Print the data below again in full, exactly as it stands, with no images.

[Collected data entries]

────────

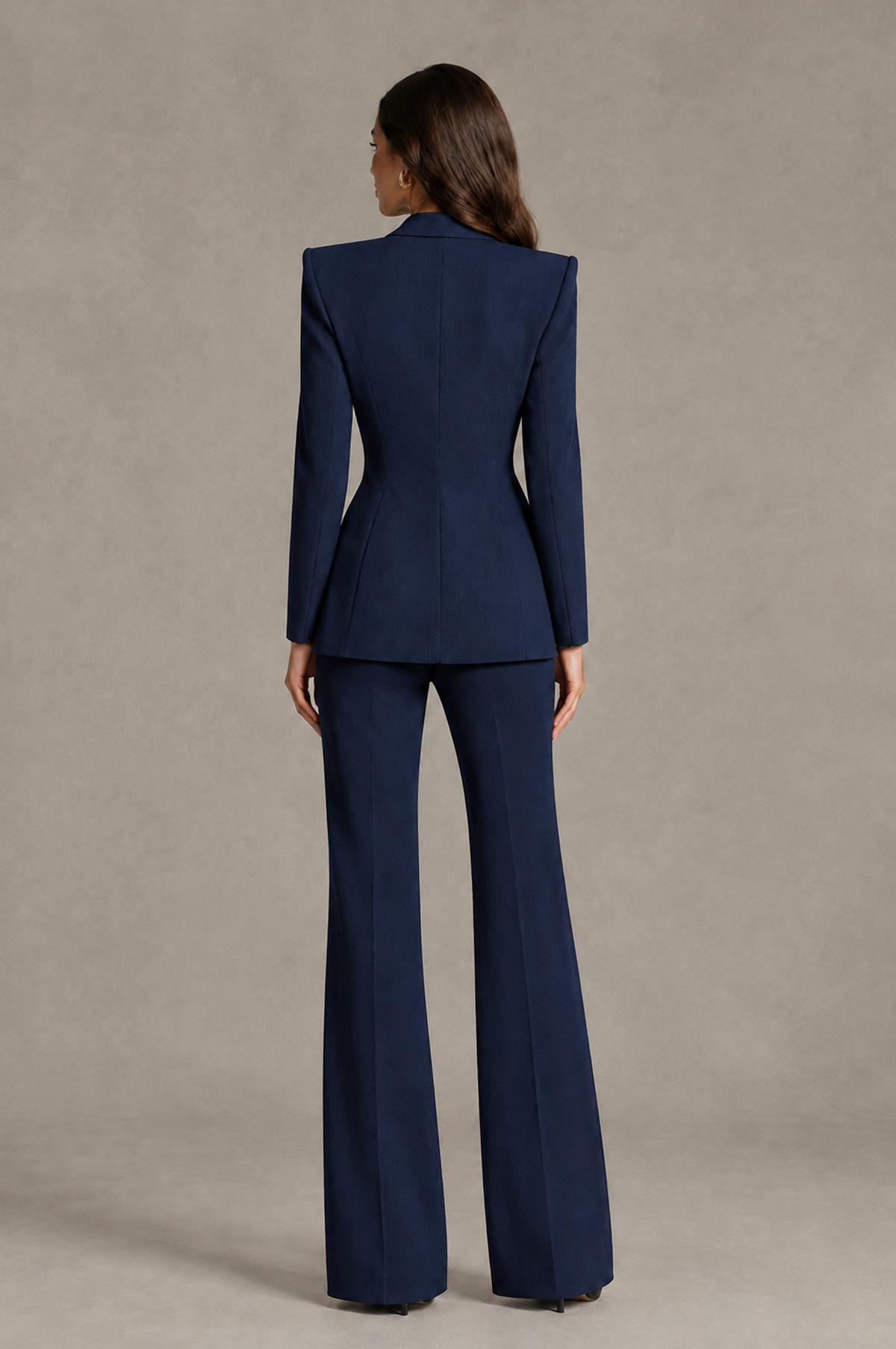 BOLODOO QQ064 navy blue pantsuit, covered-back blazer and full-length trousers rear view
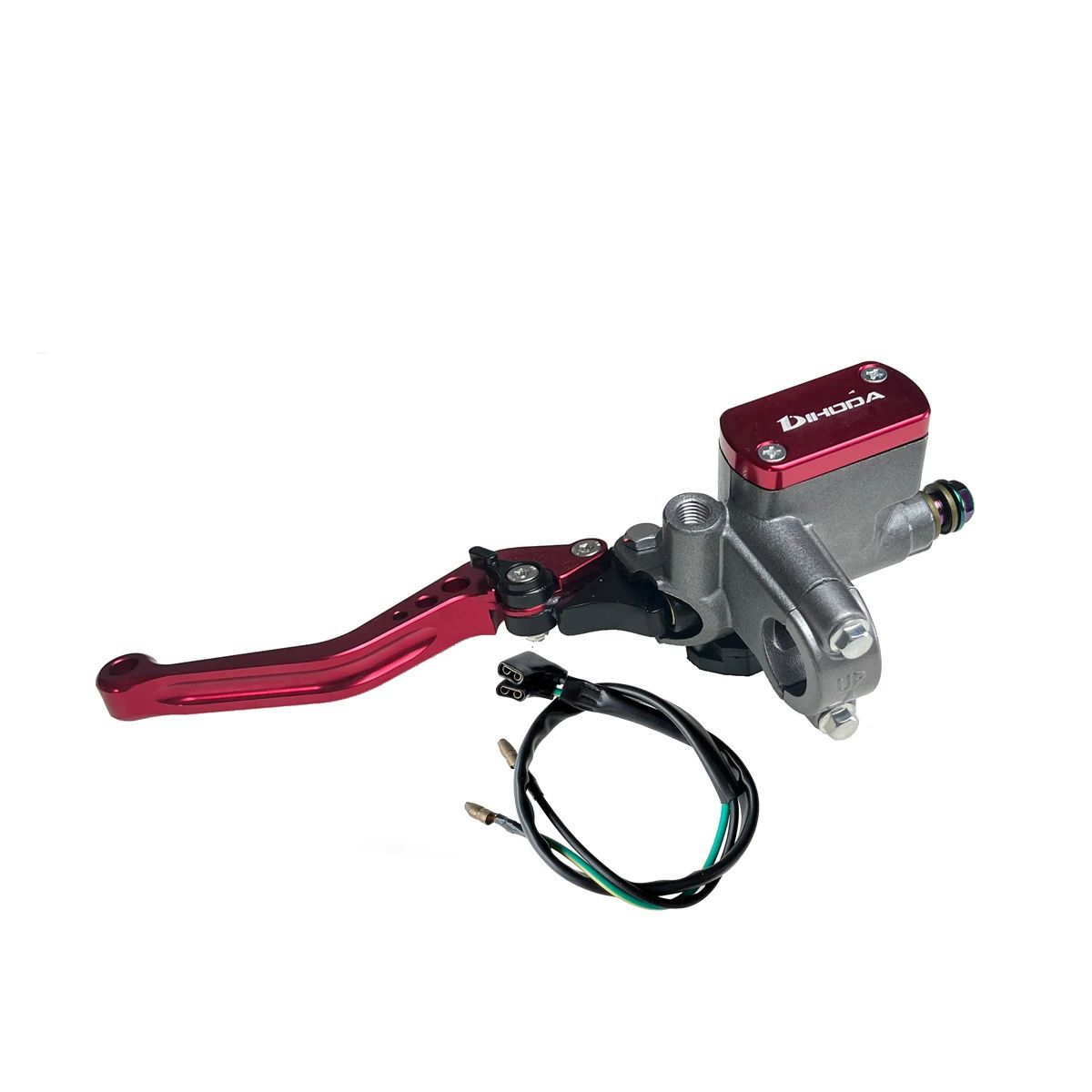 Universal modified hydraulic brake master cylinder for motorcycles and electric bikes with six-speed adjustable handle and power-off switch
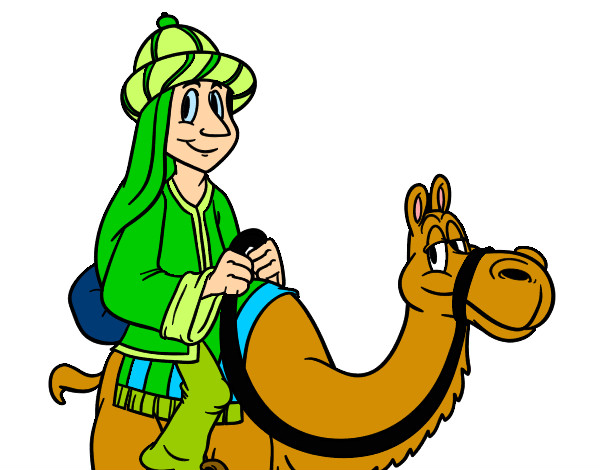 Desenho Rei Melchor a camelo pintado por isad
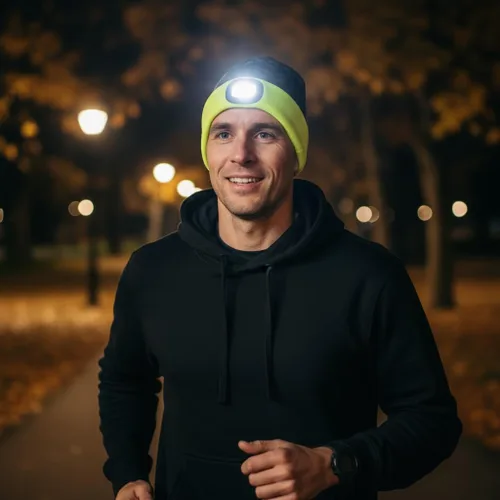 Vista 26 de Gone For a Run Gorros y diademas reversibles con forro polar LED para correr 3 modos de luz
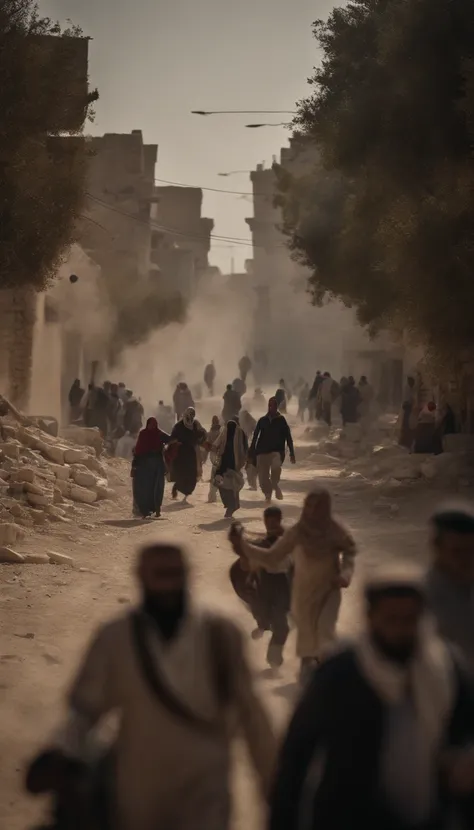 Palestinian civilians fleeing airstrikes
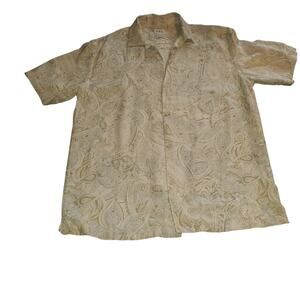 Zara Size S Men's Linen Blend Muted Paisley Button Down Short Sleeve FLAW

────────

Result ::
 BOLODOO QQ064 navy blue pantsuit, covered-back blazer and full-length trousers rear view
 Universal modified hydraulic brake master cylinder for motorcycles and electric bikes with six-speed adjustable handle and power-off switch
 Desenho Rei Melchor a camelo pintado por isad
 Vista 26 de Gone For a Run Gorros y diademas reversibles con forro polar LED para correr 3 modos de luz
 Palestinian civilians fleeing airstrikes
 Zara Size S Men's Linen Blend Muted Paisley Button Down Short Sleeve FLAW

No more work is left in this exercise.